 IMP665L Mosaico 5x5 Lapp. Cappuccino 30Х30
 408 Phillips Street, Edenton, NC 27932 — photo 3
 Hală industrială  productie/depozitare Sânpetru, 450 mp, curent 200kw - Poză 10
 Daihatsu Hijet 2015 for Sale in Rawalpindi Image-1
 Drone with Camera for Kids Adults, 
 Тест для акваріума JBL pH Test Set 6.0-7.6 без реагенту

...

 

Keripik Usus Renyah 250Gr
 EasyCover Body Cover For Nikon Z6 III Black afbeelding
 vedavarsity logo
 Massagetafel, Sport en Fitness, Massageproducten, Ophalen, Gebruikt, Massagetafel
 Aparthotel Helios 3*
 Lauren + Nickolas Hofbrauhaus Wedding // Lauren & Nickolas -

Exercise
Using the records above, copy word for word the line with "200kw - Poză 10", the line with "Тест для акваріума", and every line between them.

Exercise answer
 Hală industrială  productie/depozitare Sânpetru, 450 mp, curent 200kw - Poză 10
 Daihatsu Hijet 2015 for Sale in Rawalpindi Image-1
 Drone with Camera for Kids Adults, 
 Тест для акваріума JBL pH Test Set 6.0-7.6 без реагенту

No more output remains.